Extracted records →

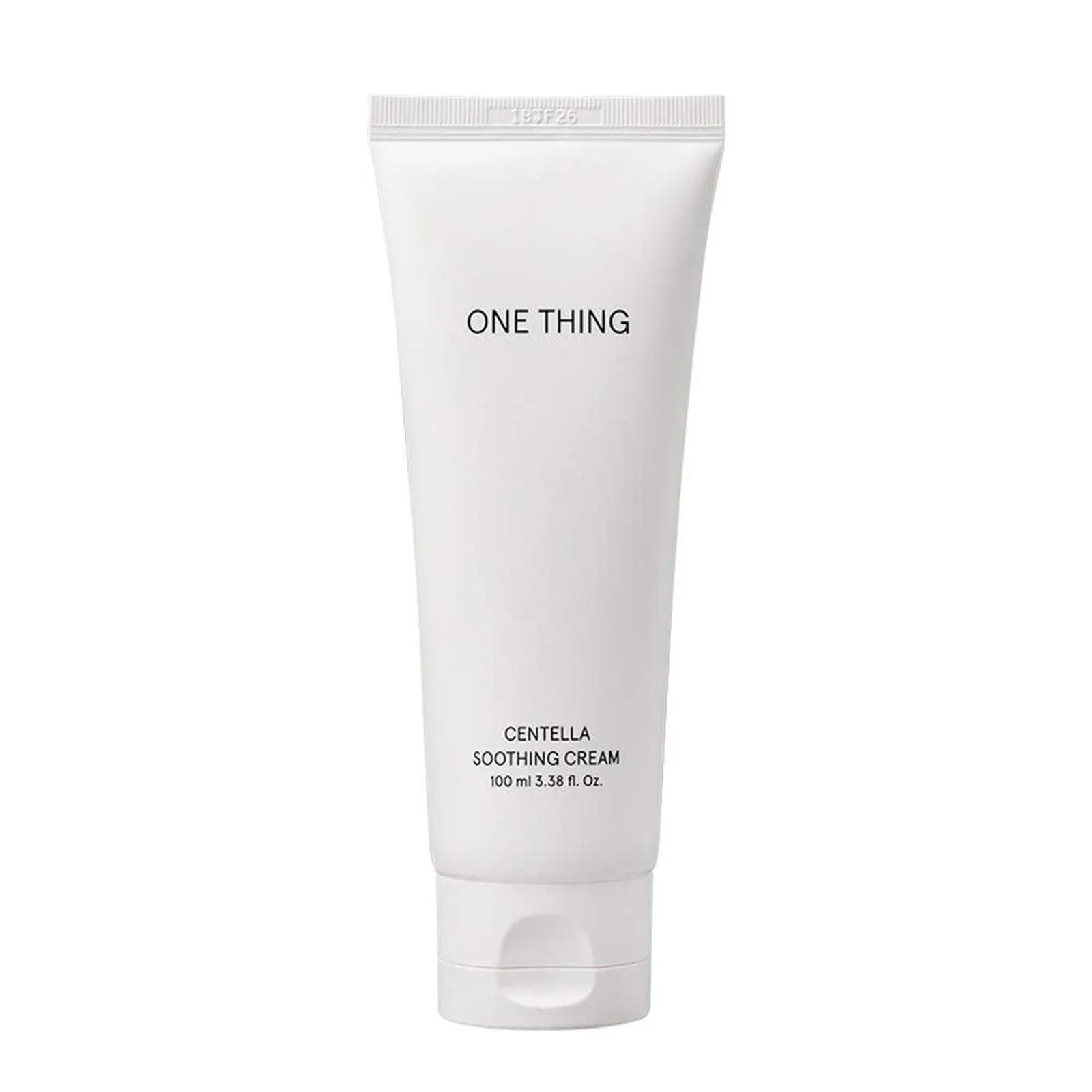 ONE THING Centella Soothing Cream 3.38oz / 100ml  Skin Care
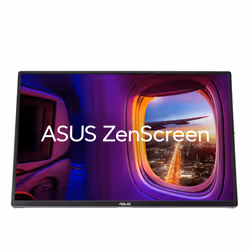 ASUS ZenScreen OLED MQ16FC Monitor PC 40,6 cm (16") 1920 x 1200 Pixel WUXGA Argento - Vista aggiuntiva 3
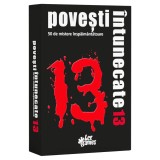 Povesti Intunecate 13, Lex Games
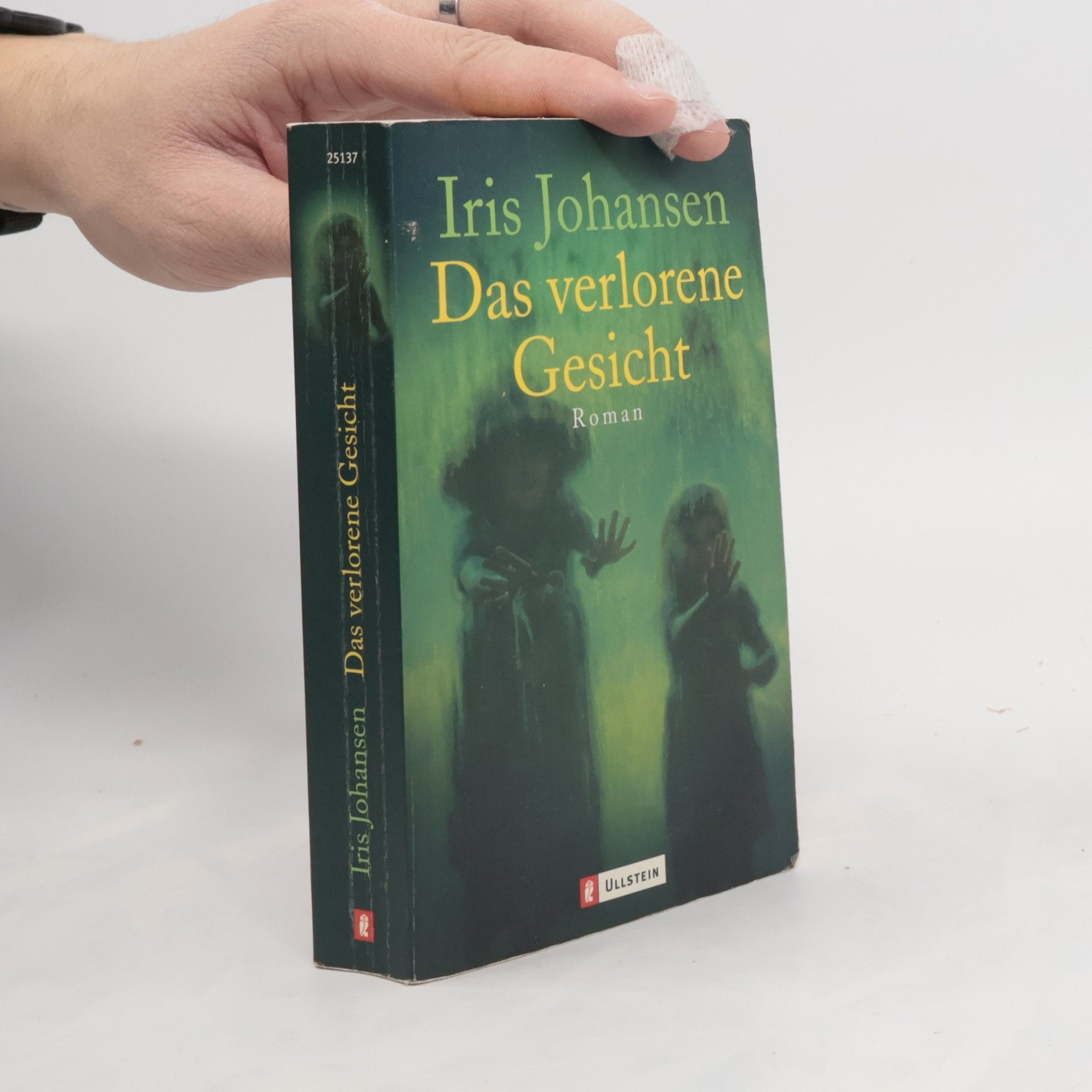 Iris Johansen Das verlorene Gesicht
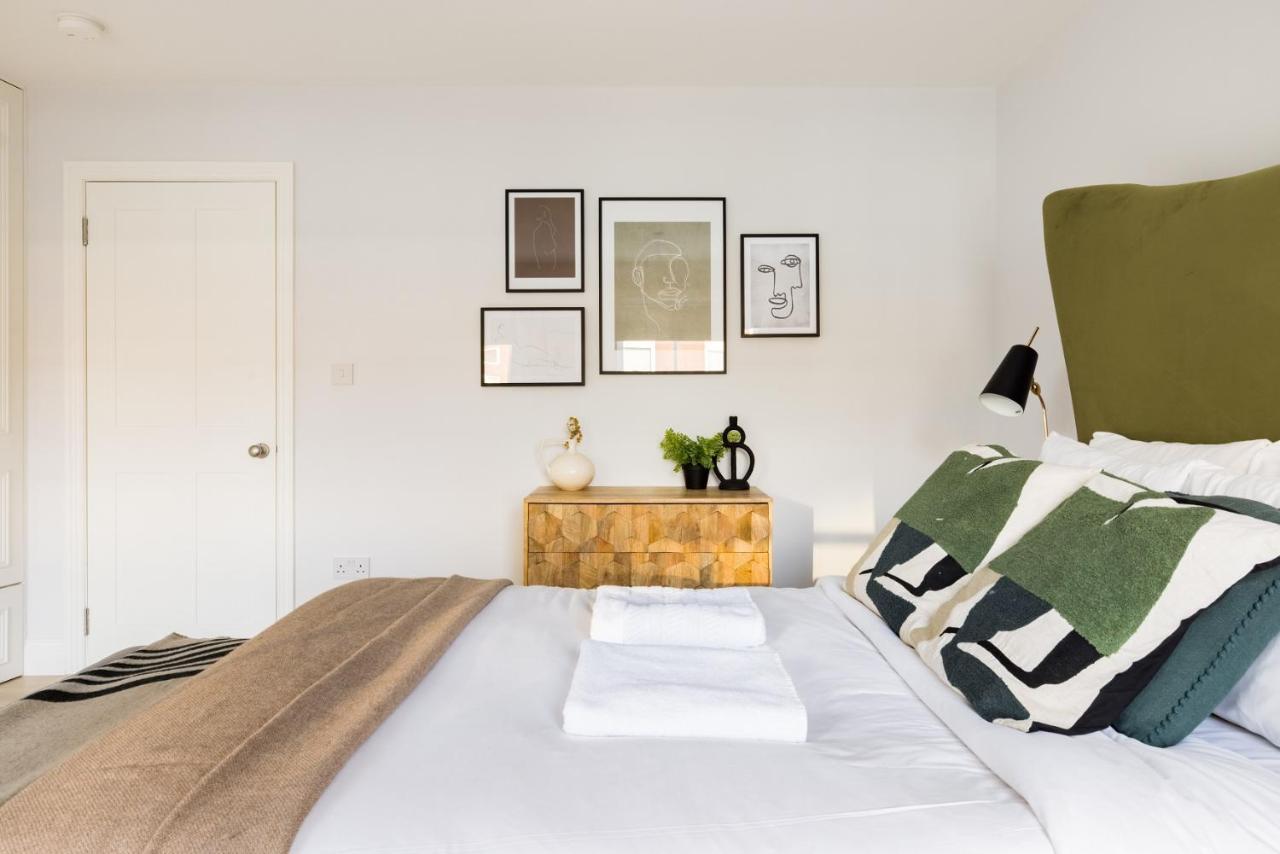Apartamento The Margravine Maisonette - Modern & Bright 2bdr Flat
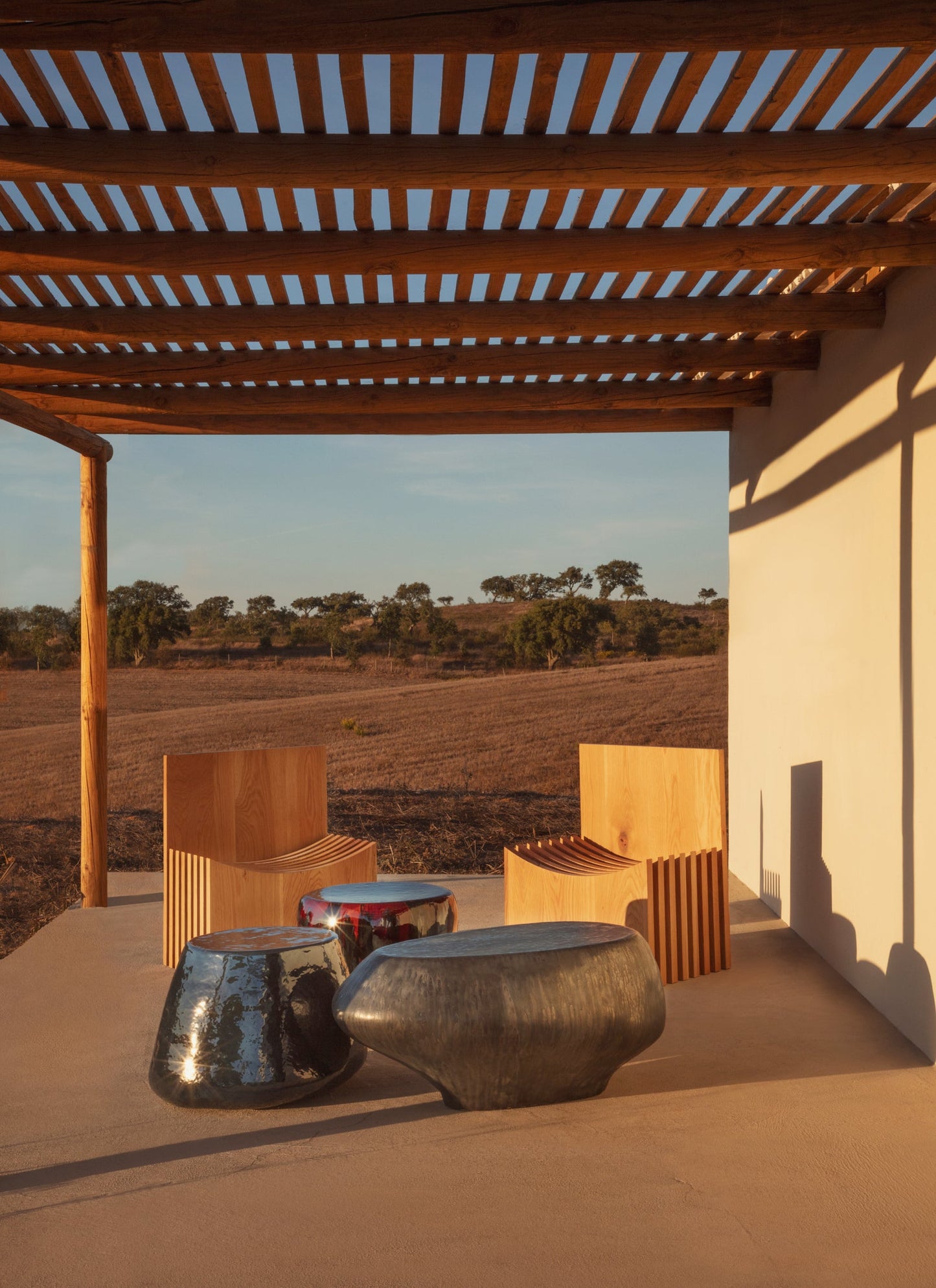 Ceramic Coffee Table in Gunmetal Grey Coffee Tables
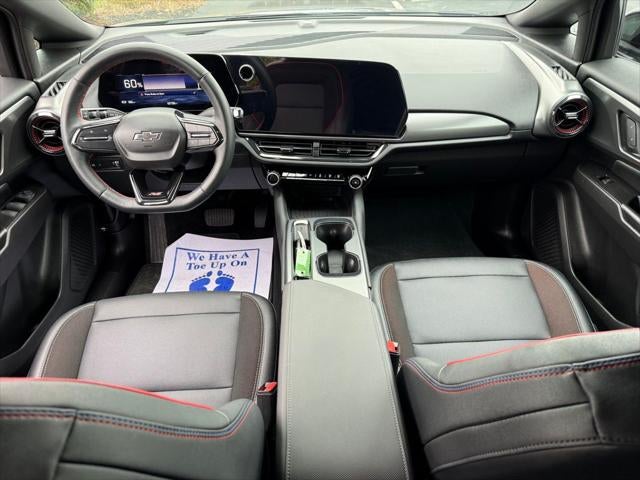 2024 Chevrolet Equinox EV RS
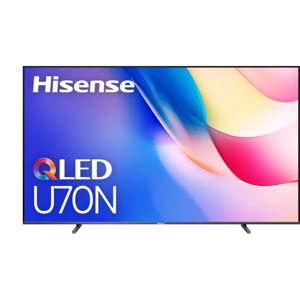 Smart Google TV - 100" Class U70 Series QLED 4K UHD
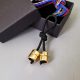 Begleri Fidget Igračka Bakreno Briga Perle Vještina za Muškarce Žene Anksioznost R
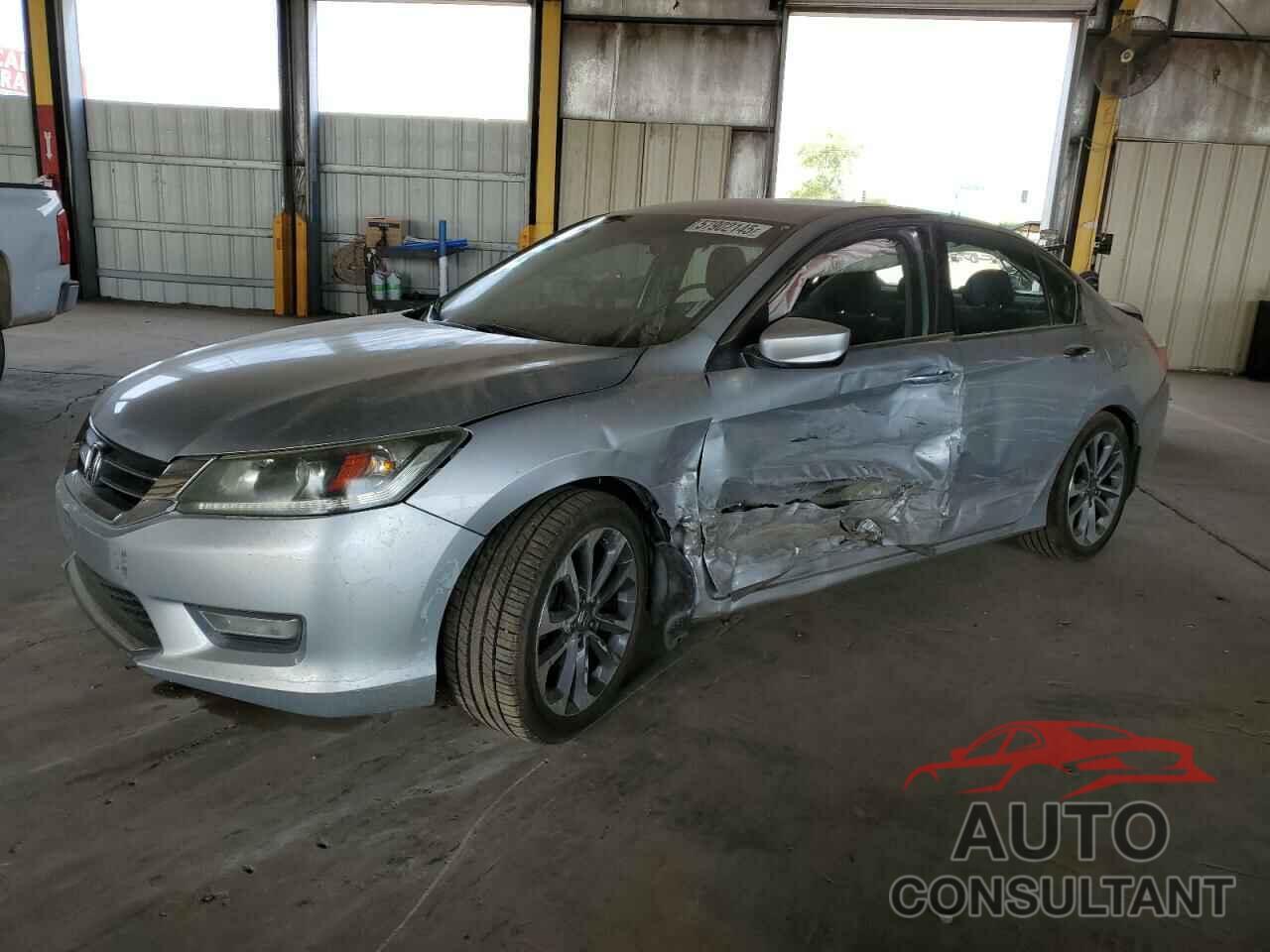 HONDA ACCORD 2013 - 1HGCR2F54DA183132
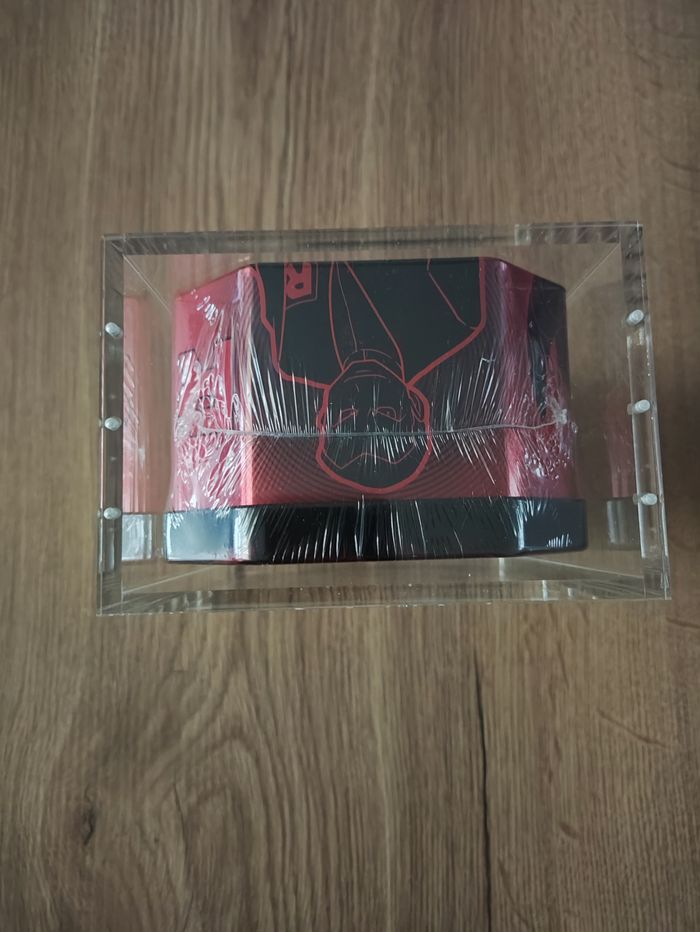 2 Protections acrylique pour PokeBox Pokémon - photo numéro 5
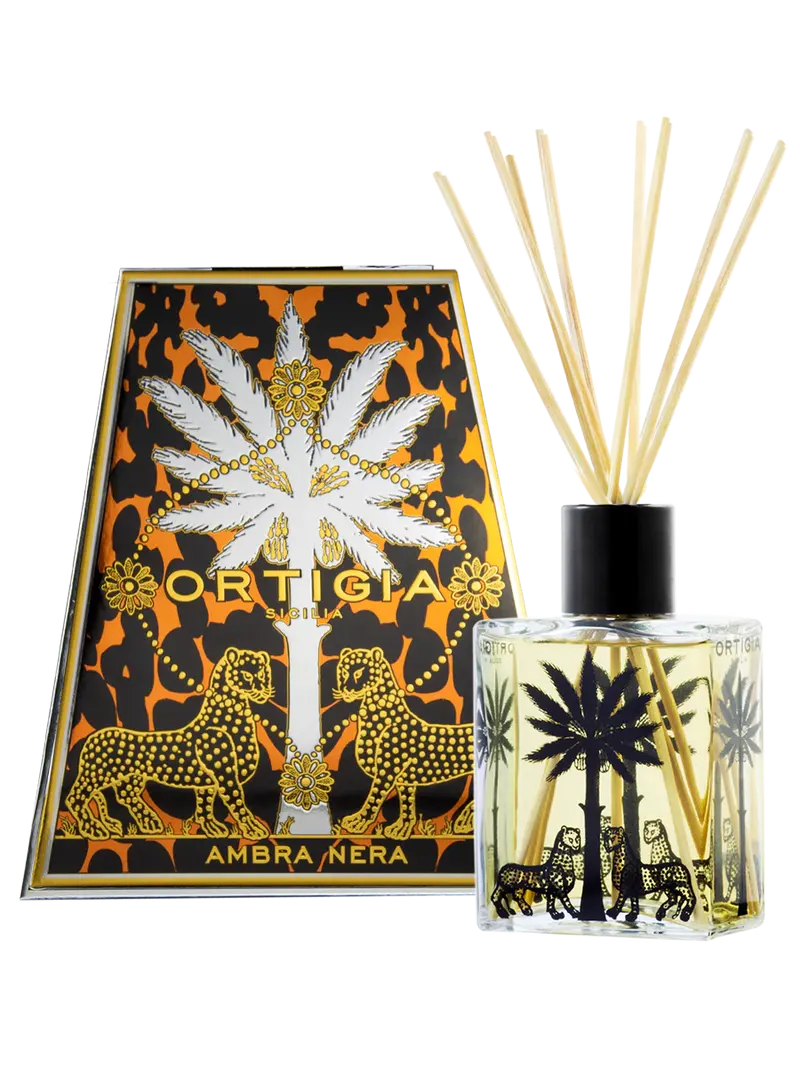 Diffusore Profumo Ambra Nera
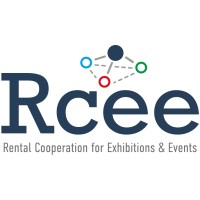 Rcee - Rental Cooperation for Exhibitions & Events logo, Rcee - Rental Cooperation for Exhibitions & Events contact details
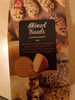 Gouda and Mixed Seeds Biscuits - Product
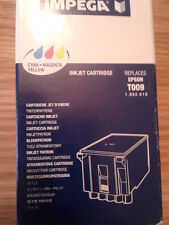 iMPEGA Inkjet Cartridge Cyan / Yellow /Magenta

Exercise →
Would you set down only the lines above from the line with "Apartamento The Margravine" to the line with "Smart Google TV", both included, exactly as they stand and without the pictures?

Task answer →
Apartamento The Margravine Maisonette - Modern & Bright 2bdr Flat
 Ceramic Coffee Table in Gunmetal Grey Coffee Tables
 2024 Chevrolet Equinox EV RS
 Smart Google TV - 100" Class U70 Series QLED 4K UHD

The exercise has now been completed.